Dormancy, on its own, is measured as the ratio of the number of coin days destroyed over total transfer volume (change-adjusted). A lower dormancy, or lower number of coin days destroyed (destruction) relative to total transfer volume, shows less older coins (HODLers) moving. Higher dormancy shows more older coins moving or being spent.
To get an annualized dormancy value, the dormancy ratio is multiplied by USD price and then takes a 365-day moving average. When market cap compared to a higher annualized dormancy value (spending behavior) is at historic lows, the Dormancy Flow ratio signals a potential bottom with the market in full capitulation mode.
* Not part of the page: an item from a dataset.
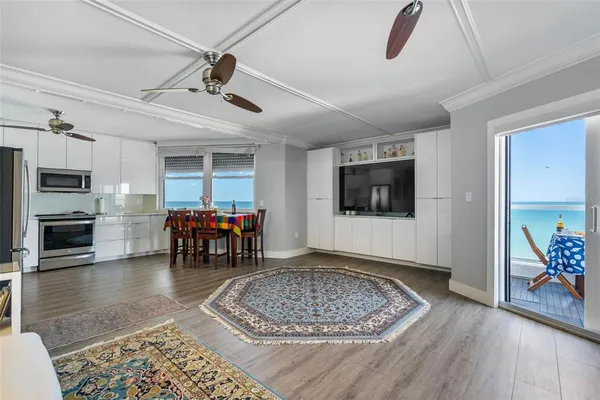 a view of a hallway with painting on the wall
Historically this has signaled great long-term buying opportunities.
Currently Dormancy Flow is below its fifth percentile and has only been this low six times in bitcoin’s history. You can read more on Puell’s Dormancy Flow here.
Similarly, we can get a view of spending activity habits in the market by looking at the 90-day rolling sum of coin days destroyed. Entity adjusted coin days destroyed is below its 25th percentile in terms of historical readings, a sign of strong HODLing behavior.
Still quite low compared to historic readings, the increasing reading has decelerated and begun to decline recently as bitcoin has fallen to the low $40,000s.
With metrics like coin days destroyed, we can quantify spending habits, but what about the incentive to sell? In the most simple form, that is price, as the more bitcoin appreciates the more attractive it becomes to realize gains. As it turns out, we have a metric to view this, called Reserve Risk.
Explained in depth in The Daily Dive #094 - Reserve Risk Overview, Reserve Risk quantifies the incentive to sell (price) against the cumulative opportunity cost of HODLing bitcoin that HODLers have experienced (using metrics like coin days destroyed).
Reserve Risk is currently below it’s 2021 low and just touched its buy indicator zone.
We can also look at the Value Days Destroyed Multiple, coined by analyst TXMC, which takes a ratio of the 30-day and 365-day moving average of value days destroyed (coin days destroyed multiplied by price).
“The Value Days Destroyed Multiple compares near-term spending behavior to the yearly average, as a means of detecting overheated and undervalued markets. Its effectiveness is due to the nature of how market tops are formed: via the increasing spending of older coins that eventually overpower demand, ending euphoric bull runs. Conversely, as older coins remain dormant and accumulation begins, this metric will decline and bottom during capitulation events and periods of accumulation.” - Glassnode
With value days destroyed multiple at 0.52, the metric is below its 0.75 threshold, displaying that holding and accumulation are the dominant forces currently.